The growing shortage of RNs in hospitals leaves those
who remain by the bedside little time to dispense the
kind of patient care and comfort that inspired many
to become nurse healers in the first place.
Lack of time and a model of medical care that separates
spirituality from science are forces nurses say are
pulling them away from their traditional healing mission.
Even though most hospitals have chaplain services for
their patients, no one expects a nurse to provide that
kind of emotional and spiritual support, said Roberta
Bube, RN, PHN, a parish nurse who is about to return
to hospital nursing part time at the Marion Medical
Center in Santa Maria, Calif.
"You have to address mind, body and spirit,"
Bube said. "I always found time to do it [in a
hospital]. I did have to be cautious. I'd have to do
it quietly. Everybody's beliefs are different."
A startling 89 percent of RNs who responded to a survey
sponsored by NurseWeek and the American Organization
of Nurse Executives said the nursing shortage affects
the amount of time they have to spend with patients.
Another 68 percent of the 4,108 respondents said they've
seen the number of patients assigned to each nurse grow
in the last year, according to the survey released in
April.
Despite this workplace time crunch, nurses need to
find time to nurture the spiritual needs of their patients,
said Jan Ingram, RN, clinical coordinator of the parish
nurse program at Saint Francis Medical Center in Santa
Barbara, Calif. "Whether you're giving them a sponge
bath or putting them on the commode, if you're really
there with them-mindfully present-that is a spiritual
action," Ingram said.
"It's not like you have to be there for 20 minutes
and put down your clipboard and talk about Christ."
Some nurses say time isn't the only issue. Kay McVay,
RN, president of the California Nurses Association,
said she isn't a religious person, but like many nurses
she views her profession as a higher calling. Today's
highly technical health care environment downplays that
aspect of nursing, she said, and that is one of the
developments that is driving nurses away from the profession.
McVay is not the only one drawing a connection between
job dissatisfaction and the withering spiritual roots
of nursing, either.
"There need to be some changes in the health care
system to provide time to address these spiritual issues
of patients and spiritual issues of nurses themselves,"
said Harold Koenig, MD, MH.Sc., RN, an associate professor
of medicine and psychiatry at Duke University Medical
Center who studies the connection between spirituality
and health.
Most people have some religious or broader spiritual
foundation in their lives, he said, and when they are
undergoing medical treatment, health care professionals
shouldn't ignore that dimension of their care.

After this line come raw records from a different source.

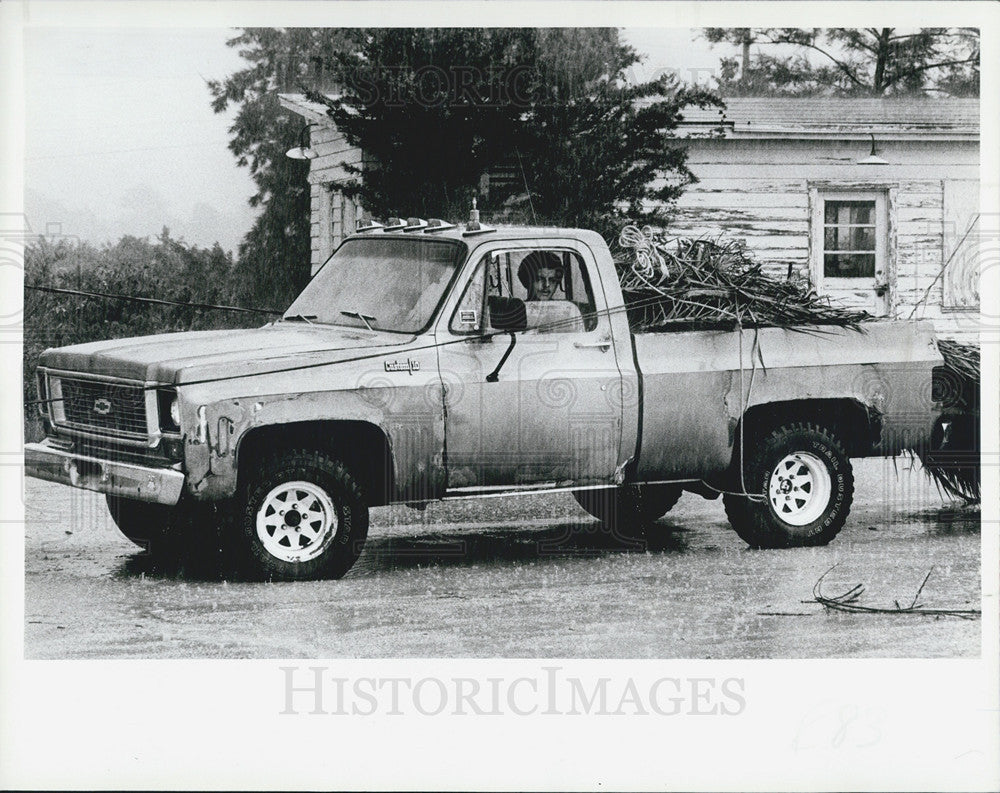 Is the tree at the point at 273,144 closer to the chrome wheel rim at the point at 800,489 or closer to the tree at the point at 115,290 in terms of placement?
the tree at the point at 115,290

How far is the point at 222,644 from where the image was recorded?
28.0 feet

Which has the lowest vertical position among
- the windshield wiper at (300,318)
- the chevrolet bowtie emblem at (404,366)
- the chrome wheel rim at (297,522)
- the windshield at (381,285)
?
the chrome wheel rim at (297,522)

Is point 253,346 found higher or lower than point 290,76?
lower

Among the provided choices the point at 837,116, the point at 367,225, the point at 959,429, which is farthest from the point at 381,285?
the point at 959,429

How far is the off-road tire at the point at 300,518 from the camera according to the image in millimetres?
8523

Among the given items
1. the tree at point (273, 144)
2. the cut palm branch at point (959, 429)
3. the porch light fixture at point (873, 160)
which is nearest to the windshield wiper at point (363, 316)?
the tree at point (273, 144)

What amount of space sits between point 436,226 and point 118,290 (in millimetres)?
1838

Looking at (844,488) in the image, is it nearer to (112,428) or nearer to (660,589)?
(660,589)

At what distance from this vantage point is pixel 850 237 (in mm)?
9781

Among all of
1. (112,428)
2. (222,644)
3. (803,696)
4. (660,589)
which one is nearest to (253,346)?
(112,428)

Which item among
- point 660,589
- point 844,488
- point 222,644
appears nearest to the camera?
point 222,644

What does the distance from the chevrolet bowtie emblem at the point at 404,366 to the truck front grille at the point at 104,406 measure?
1.29 m

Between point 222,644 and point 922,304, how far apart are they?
4490 mm

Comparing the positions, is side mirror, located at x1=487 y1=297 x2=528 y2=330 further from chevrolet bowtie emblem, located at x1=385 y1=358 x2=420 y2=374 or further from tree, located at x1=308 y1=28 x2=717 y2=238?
tree, located at x1=308 y1=28 x2=717 y2=238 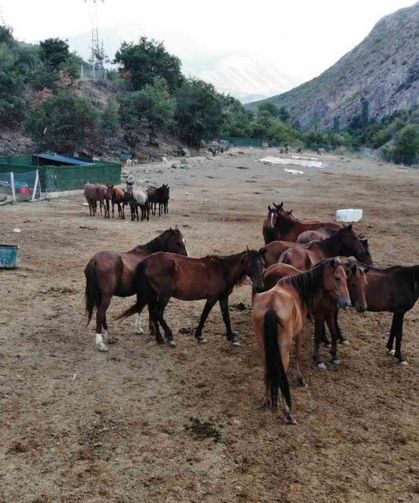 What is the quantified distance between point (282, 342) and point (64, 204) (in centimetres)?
1722

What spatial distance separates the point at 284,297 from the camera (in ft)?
18.6

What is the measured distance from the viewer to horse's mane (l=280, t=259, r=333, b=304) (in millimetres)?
6117

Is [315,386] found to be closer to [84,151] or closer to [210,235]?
[210,235]

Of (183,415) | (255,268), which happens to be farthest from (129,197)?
(183,415)

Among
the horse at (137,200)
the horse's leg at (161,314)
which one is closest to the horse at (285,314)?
the horse's leg at (161,314)

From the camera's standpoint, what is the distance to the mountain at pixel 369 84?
135250 millimetres

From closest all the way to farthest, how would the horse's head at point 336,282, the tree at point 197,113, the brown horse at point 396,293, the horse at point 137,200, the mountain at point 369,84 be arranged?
the horse's head at point 336,282
the brown horse at point 396,293
the horse at point 137,200
the tree at point 197,113
the mountain at point 369,84

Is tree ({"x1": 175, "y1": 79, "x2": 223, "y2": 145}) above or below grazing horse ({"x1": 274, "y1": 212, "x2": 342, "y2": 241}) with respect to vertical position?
above

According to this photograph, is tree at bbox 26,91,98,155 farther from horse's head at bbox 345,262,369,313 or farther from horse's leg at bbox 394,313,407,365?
horse's leg at bbox 394,313,407,365

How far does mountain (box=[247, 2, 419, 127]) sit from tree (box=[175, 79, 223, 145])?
85.0 m

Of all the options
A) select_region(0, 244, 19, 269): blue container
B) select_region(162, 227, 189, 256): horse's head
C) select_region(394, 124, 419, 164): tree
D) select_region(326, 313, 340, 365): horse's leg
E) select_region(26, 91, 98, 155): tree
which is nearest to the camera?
select_region(326, 313, 340, 365): horse's leg

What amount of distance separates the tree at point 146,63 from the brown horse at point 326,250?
180 feet

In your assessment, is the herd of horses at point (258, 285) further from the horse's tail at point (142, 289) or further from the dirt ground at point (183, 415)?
the dirt ground at point (183, 415)

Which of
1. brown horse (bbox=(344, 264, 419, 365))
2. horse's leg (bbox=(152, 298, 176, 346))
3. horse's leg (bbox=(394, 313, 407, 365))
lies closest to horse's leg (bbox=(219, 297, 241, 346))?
horse's leg (bbox=(152, 298, 176, 346)) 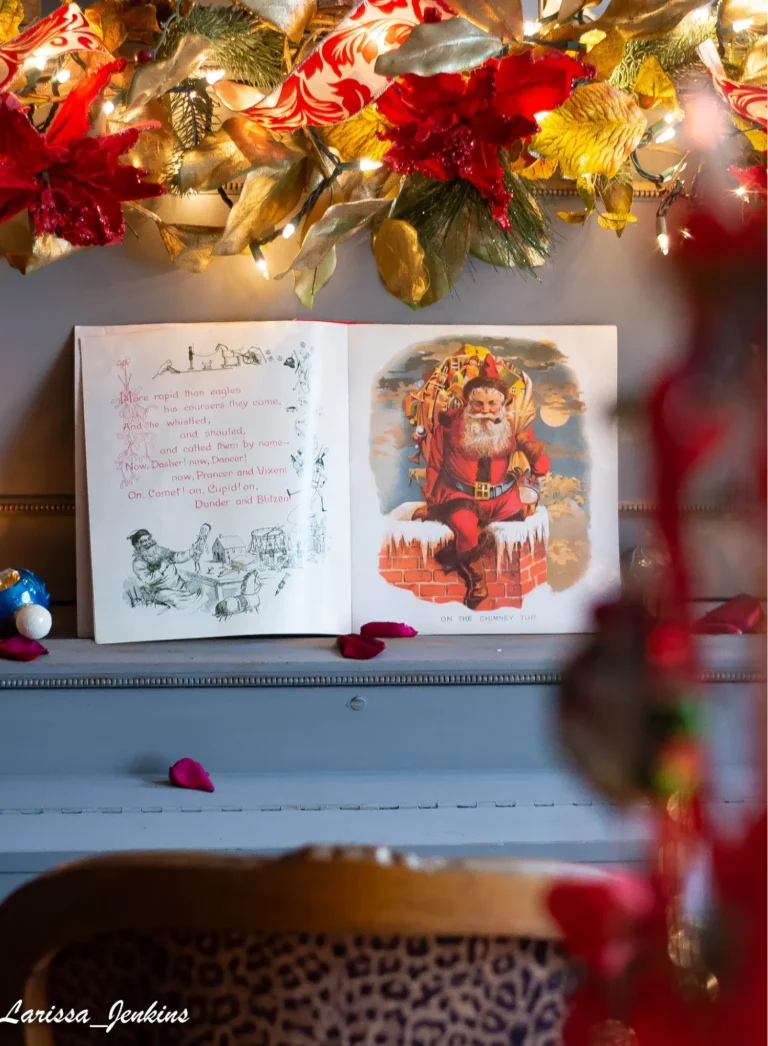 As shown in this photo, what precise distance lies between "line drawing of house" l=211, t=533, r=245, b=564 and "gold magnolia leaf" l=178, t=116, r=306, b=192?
426mm

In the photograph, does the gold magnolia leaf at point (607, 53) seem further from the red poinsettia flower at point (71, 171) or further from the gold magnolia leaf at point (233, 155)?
the red poinsettia flower at point (71, 171)

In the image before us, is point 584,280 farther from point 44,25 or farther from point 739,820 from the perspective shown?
point 739,820

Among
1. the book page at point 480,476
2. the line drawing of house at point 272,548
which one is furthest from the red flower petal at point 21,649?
the book page at point 480,476

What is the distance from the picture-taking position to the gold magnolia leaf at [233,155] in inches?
42.2

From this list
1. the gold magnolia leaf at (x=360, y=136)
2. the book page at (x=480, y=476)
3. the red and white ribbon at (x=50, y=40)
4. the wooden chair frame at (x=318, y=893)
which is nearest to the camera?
the wooden chair frame at (x=318, y=893)

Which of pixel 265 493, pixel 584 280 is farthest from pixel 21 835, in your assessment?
pixel 584 280

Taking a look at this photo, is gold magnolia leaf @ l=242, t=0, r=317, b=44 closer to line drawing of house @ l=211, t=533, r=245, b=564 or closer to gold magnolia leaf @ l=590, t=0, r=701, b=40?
gold magnolia leaf @ l=590, t=0, r=701, b=40

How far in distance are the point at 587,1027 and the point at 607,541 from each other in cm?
102

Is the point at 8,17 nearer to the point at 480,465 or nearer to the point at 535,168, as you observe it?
the point at 535,168

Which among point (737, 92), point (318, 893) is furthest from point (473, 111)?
point (318, 893)

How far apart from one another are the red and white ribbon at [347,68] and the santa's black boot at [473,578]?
0.54 m

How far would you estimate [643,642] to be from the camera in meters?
0.17

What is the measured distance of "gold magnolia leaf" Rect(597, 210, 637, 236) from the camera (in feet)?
3.80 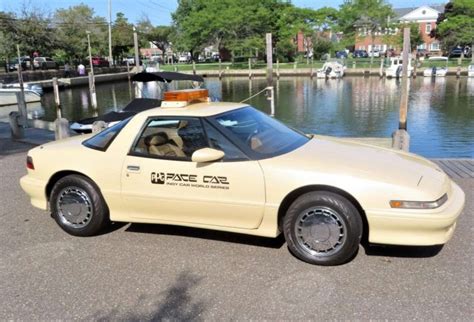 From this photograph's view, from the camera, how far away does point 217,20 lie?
7212 centimetres

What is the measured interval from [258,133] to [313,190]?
3.18ft

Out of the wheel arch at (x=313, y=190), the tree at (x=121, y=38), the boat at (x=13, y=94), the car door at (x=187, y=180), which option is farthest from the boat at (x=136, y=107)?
the tree at (x=121, y=38)

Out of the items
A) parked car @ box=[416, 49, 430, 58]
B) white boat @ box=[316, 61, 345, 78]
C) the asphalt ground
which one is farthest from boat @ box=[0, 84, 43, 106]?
parked car @ box=[416, 49, 430, 58]

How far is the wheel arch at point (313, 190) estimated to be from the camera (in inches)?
157

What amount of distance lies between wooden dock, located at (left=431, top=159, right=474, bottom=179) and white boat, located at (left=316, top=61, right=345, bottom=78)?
155 ft

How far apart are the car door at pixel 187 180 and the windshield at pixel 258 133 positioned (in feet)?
0.40

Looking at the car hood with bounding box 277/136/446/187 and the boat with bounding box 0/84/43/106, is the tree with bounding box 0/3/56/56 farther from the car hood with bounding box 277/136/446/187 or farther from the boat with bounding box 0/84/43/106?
the car hood with bounding box 277/136/446/187

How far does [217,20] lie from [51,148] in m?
70.5

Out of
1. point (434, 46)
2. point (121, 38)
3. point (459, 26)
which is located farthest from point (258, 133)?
point (434, 46)

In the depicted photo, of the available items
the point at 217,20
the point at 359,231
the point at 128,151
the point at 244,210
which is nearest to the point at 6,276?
the point at 128,151

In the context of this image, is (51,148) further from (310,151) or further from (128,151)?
(310,151)

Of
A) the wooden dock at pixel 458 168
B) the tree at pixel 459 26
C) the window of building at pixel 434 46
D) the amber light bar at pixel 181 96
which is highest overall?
the tree at pixel 459 26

Koenig, who founded Duke's Center for the Study of
Religion, Spirituality and Health, said hundreds of
research studies have documented a connection between
patients' spiritual beliefs and positive outcomes. Through
his own research, he said he has found that patients
who pray have better outcomes. From a physician's standpoint,
he said, recognizing a patient's beliefs increases trust.
"I've seen patients melt in my office when I've
offered to pray with them," he said.
Drawing a line between a patient's spiritual needs
and medical needs doesn't make sense, even in secular
institutions, he said. Koenig has written an article
for the Journal of the American Medical Association
that calls for physicians to incorporate a spiritual
inventory into each patient's care. All physicians and
nurses should do this regardless of whether they work
in a faith-affiliated hospital, he said.
At the least, a caregiver needs to know how someone's
religious beliefs might affect end-of-life and emergency
procedures.
Koenig recognizes that spiritual nurturing can add
>> an extra responsibility to a nurse's already
hectic work pace. In the interest of quality care, hospitals
need to make time for it, he said.
"In the long run, good care is the cheapest medical
care you can give," Koenig said.
Even in religious-affiliated hospitals where spirituality
is encouraged, the rapid pace of modern health care
can overtake spiritual caregiving. But building the
spiritual connections between nurse and patient doesn't
always take much extra time, said Sister Molly Nicholson,
vice president of ministry and spirituality at St. Rose
Dominican Hospital in Henderson, Nev.
Nicholson, who has a master's in pastoral care and
psychology, encourages nurses to make those human connections
with patients. Sometimes it's just a little thing, she
said, such as asking patients if there's anything else
she can do for them as she leaves the room.
"We believe in the healing of the body, mind and
soul," Nicholson said. "That's part of the
training for all our staff."
Hospitals such as St. Rose are continuing a long tradition
of marrying faith and healing. Some of the earliest
nurses came from religious societies such as the Dominican
order that founded St. Rose.
Historically, healing and religion grew out of the
same faith-based traditions. From the Middle Ages, the
old, sick and dying looked to religious practitioners
for comfort. When nuns opened hospitals, those institutions
became the training ground for nurses. With the development
of modern science, medicine and religion took separate
paths. Gradually, nursing preparation moved into university
settings, and government agencies assumed responsibility
for licensing and oversight.
But many hospitals and health care systems in the United
States owe their existence to orders of religious women.
St. Rose began in 1942 as a federally operated medical
center for workers from the Las Vegas-area magnesium
mines. Dominican sisters from Michigan took over the
hospital in 1947, turning it into a Catholic nonprofit
institution. Nuns became the administrators and the
nurses.
In the last 55 years, the center has grown to two campuses,
the 138-bed Rose de Lima campus and a 3-year-old, 142-bed
Siena campus. In 1988, the Adrian Dominican congregation
that founded St. Rose joined Catholic Healthcare West,
which runs medical centers in California, Nevada and
Arizona.
As in most U.S. Catholic hospitals, nuns in crisp,
white nursing habits no longer fill the corridors and
operating rooms. Today, St. Rose has seven nuns on staff,
but none are RNs. Sisterhood, like the nursing profession,
faces a growing shortage of new members. Yet the Nevada
hospital anchors its health care philosophies to the
spiritual foundation built by the Dominican sisters.
Nicholson holds training sessions for the nurses and
other staff members to address workplace spirituality
and how it comes across to patients and their families.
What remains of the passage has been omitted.